-- WORK INSTRUCTION --
Below are lines of records; copy exactly those from the one containing "Mens Sweaters Designer" through the one containing "Y tú, ¿estabas", leaving the pictures behind.

-- EXCERPTED DATA --
------------------------------------

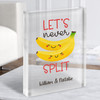 Red Bananas Couple Romantic Gift Personalised Clear Acrylic Block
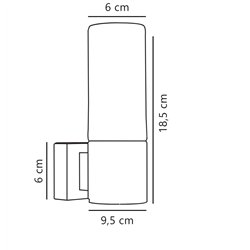Nordlux Tangens Up 18 [IP44] wall lamp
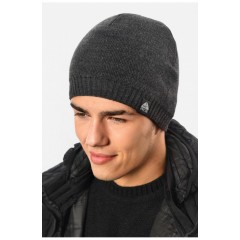 Мужская шапка на флисе темно-серого цвета 193789L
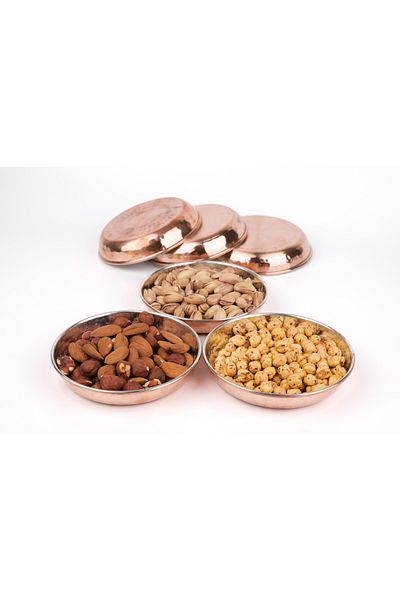 Haale Copper Premium Hand Tattoo Breakfast Snack Bowl Set of 6 (Luxury, Thick)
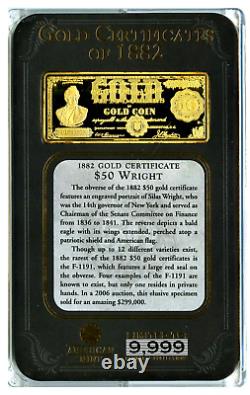 1882 500 $ Certificat D'or Lingot Médaille Commémorative D'hommage Pièce De Preuve 199,95 $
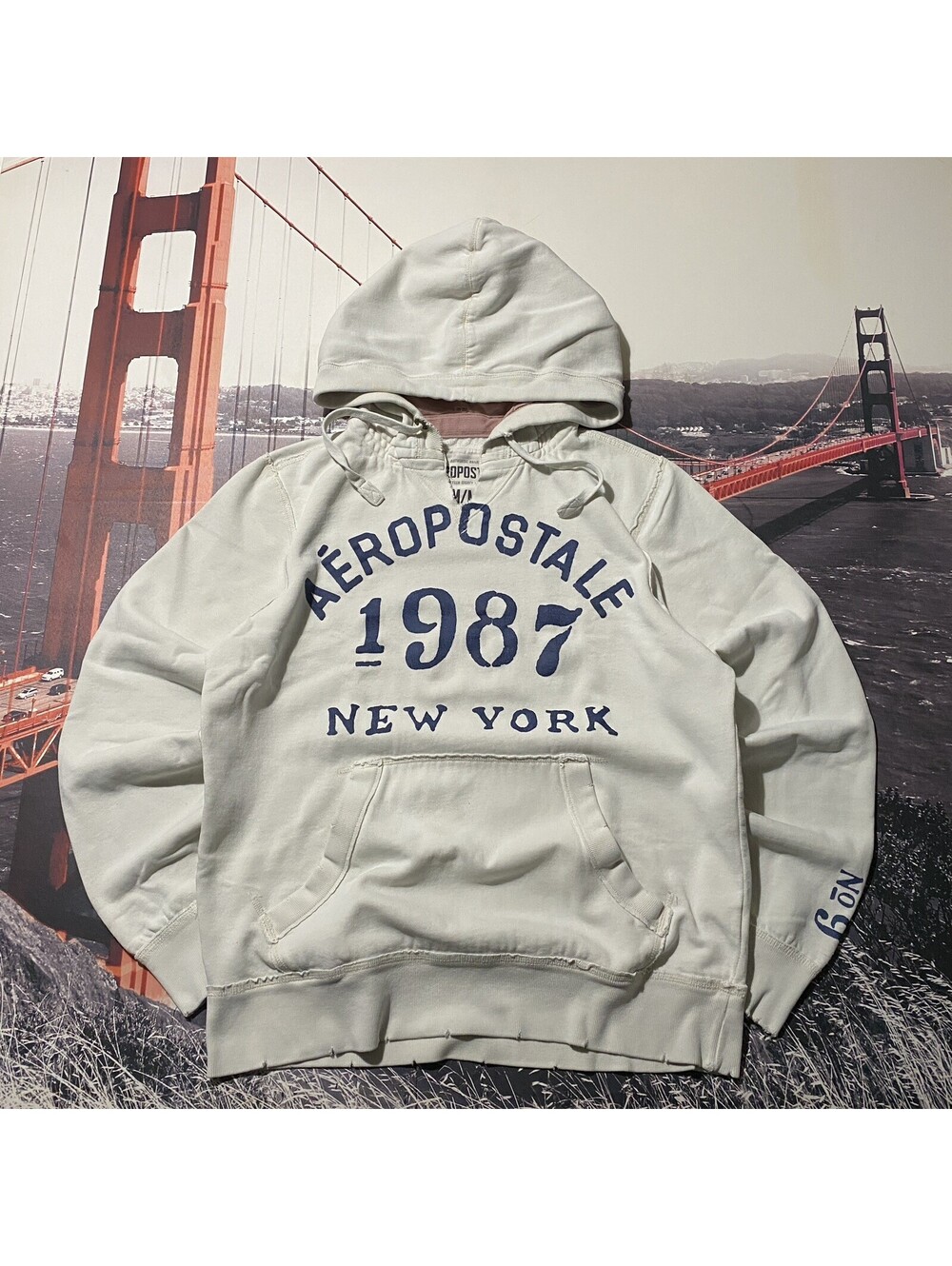 Vinatge Y2K Aeropostale Hoodie Mens M 1987 New York Sweatshirt Distressed 2000s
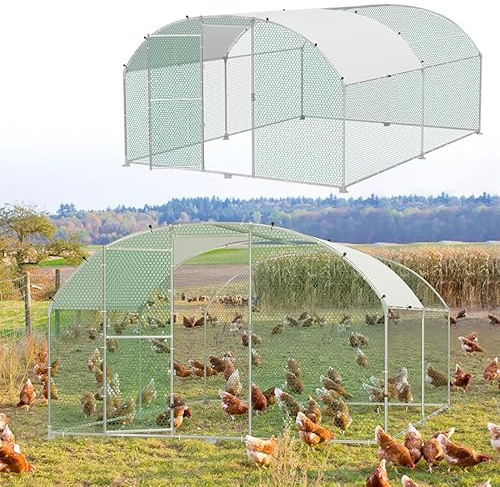 Aufun Freilaufgehege Hühnerstall Haustierkäfig Freigehege Bogenaufsatz | 3x4x2m Verzinkter Stahlrahmen Hühnerkäfig Voliere mit Dachplane Sonnenschutzdach Winterfest für Heimtiergehege Vogelkäfig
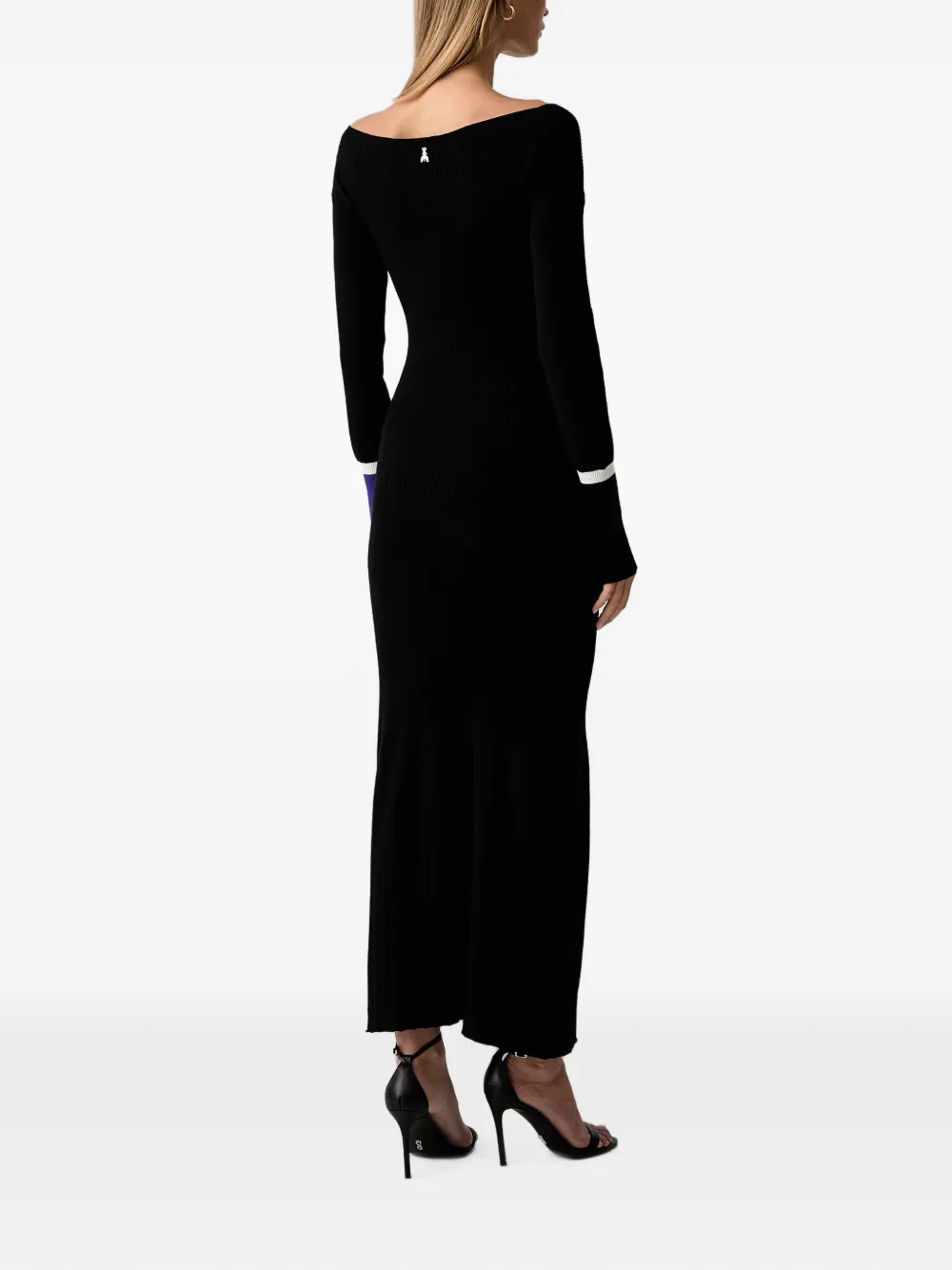 Patrizia Pepe Geribbelde midi-jurk met colourblocking Zwart
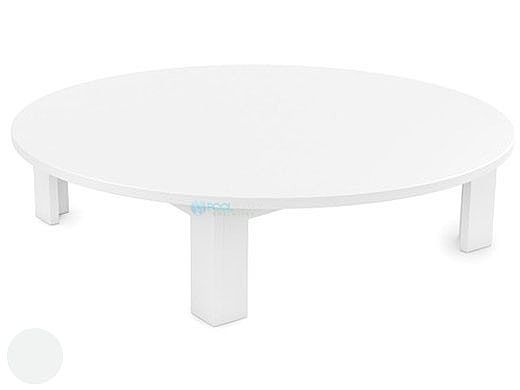 Ledge Lounger Mainstay Collection Outdoor Round Coffee Table | White | LL-MS-CT-RD-WH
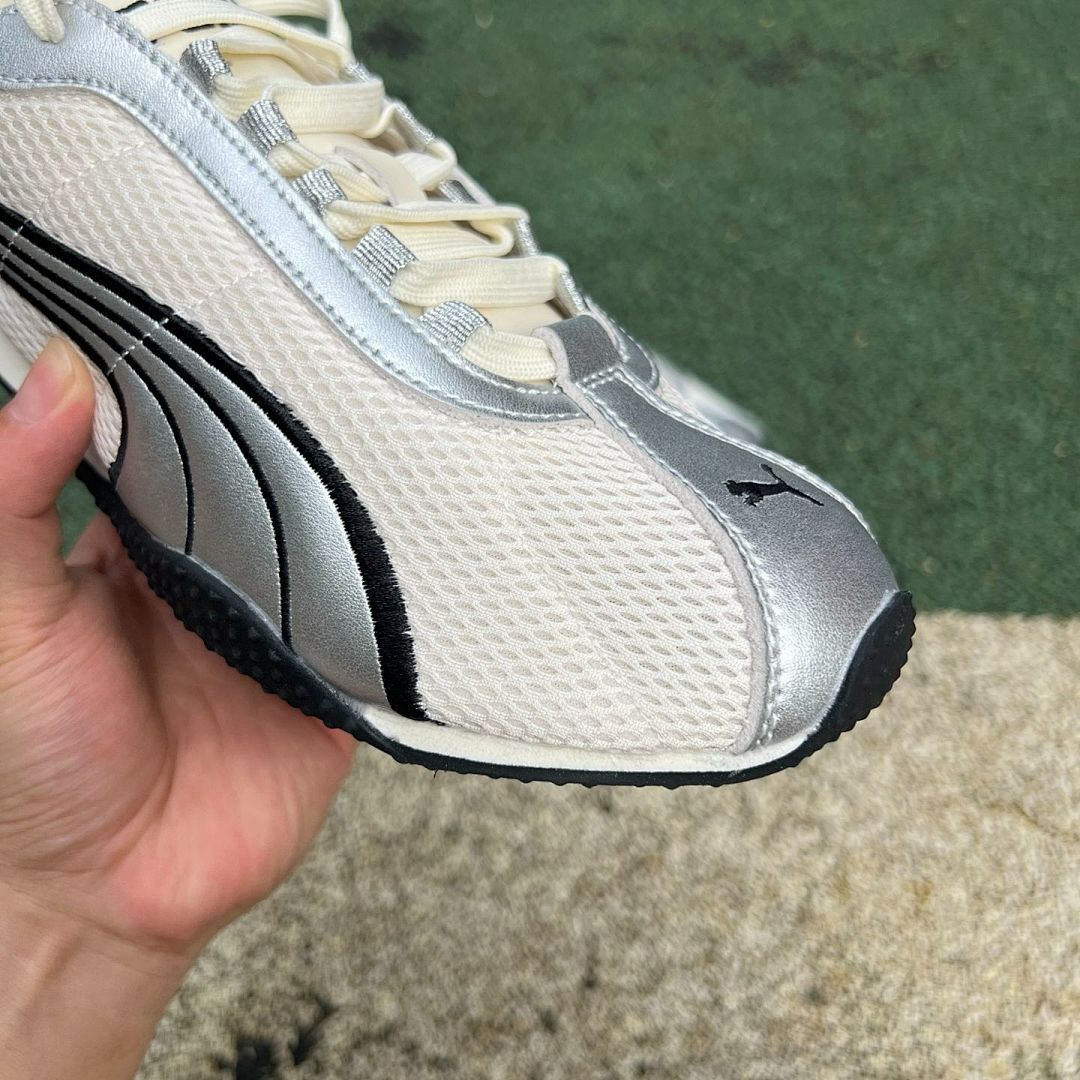 Puma Easy Rider Metallic Silver Cream Trainers - Image 3
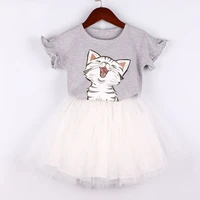baby girl clothes girl cartoon cat gray t shirt white mesh princess dress suit toddler girl clothes lass outfits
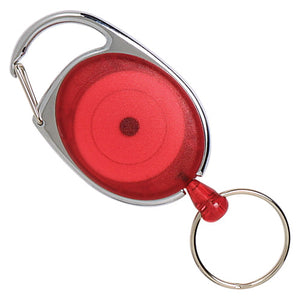 Rexel Retractable Snap Lock Key Holder in red, a translucent oval reel in a chrome clip frame with a red cord end and a split key ring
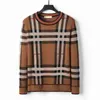 Mens Sweaters Designer Sweater Malhas Xadrez Stripe Marca Moda Casual Manga Longa Alta Qualidade Luxo Clássico Xadrez Crepe Algodão Tamanho 2s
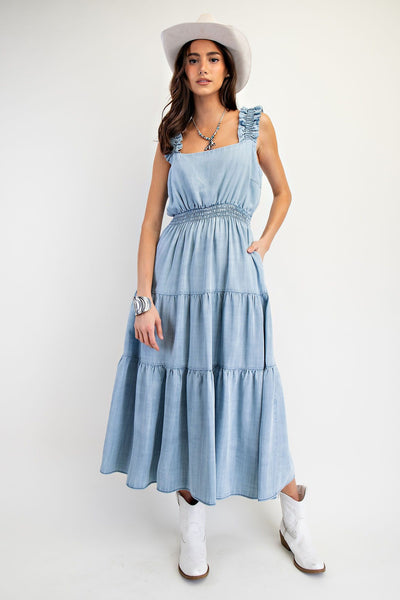 Washed Tiered Chambray Dress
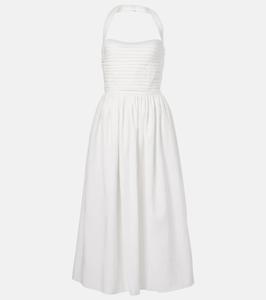 Платье миди из хлопка с вышивкой и сборками Leia Markarian, White Floral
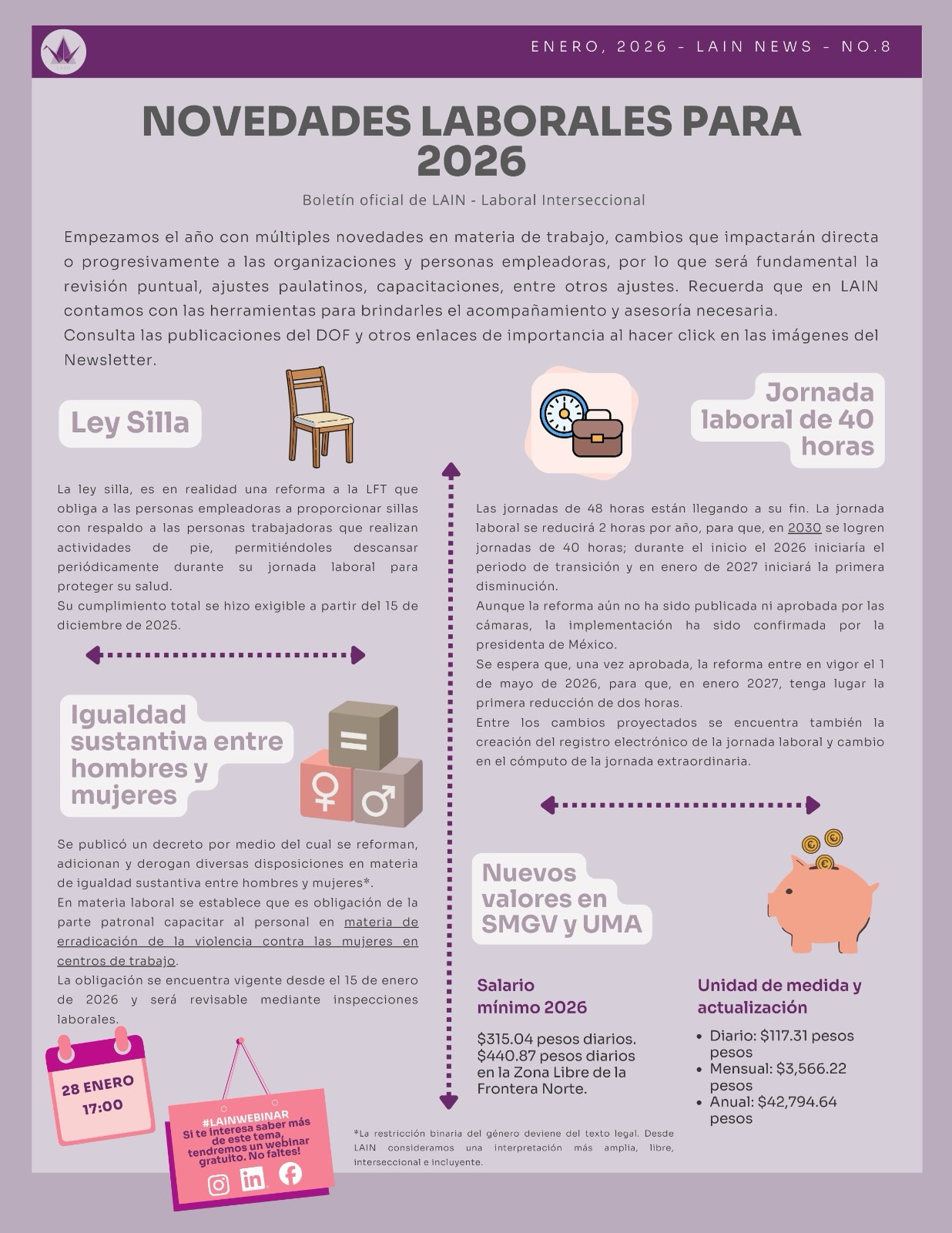 📰 Extra! Extra! 📰
Les traemos la edición 8 del Newsletter de @lain_laboral con novedades del mundo de trabajo para 2026.
🚨
Y tú, ¿estabas al tanto de las novedades? ¿qué otros temas jurídico-laborales han llamado tu atención en este inicio de año? Te leemos.
Si quieres el pdf escribe “Newsletter” en comentarios y te lo enviamos DM
.
.
.
#LAIN #LaboralInterseccional #LFT #DerechoLaboral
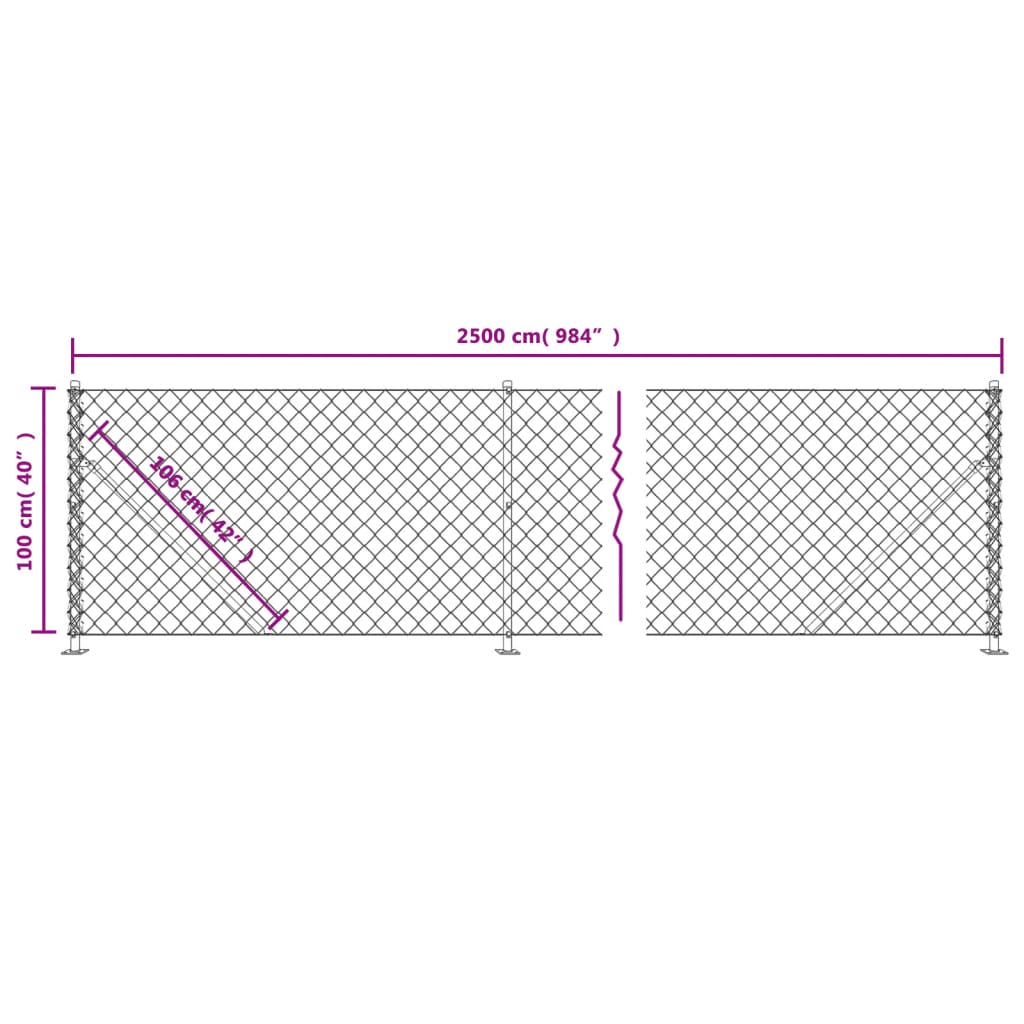 Chain Link Fence with Flange Green 1x25 m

------------------------------------

-- EXERCISE SOLUTION --
 Mens Sweaters Designer Sweater Malhas Xadrez Stripe Marca Moda Casual Manga Longa Alta Qualidade Luxo Clássico Xadrez Crepe Algodão Tamanho 2s
 Washed Tiered Chambray Dress
 Платье миди из хлопка с вышивкой и сборками Leia Markarian, White Floral
 📰 Extra! Extra! 📰
Les traemos la edición 8 del Newsletter de @lain_laboral con novedades del mundo de trabajo para 2026.
🚨
Y tú, ¿estabas al tanto de las novedades? ¿qué otros temas jurídico-laborales han llamado tu atención en este inicio de año? Te leemos.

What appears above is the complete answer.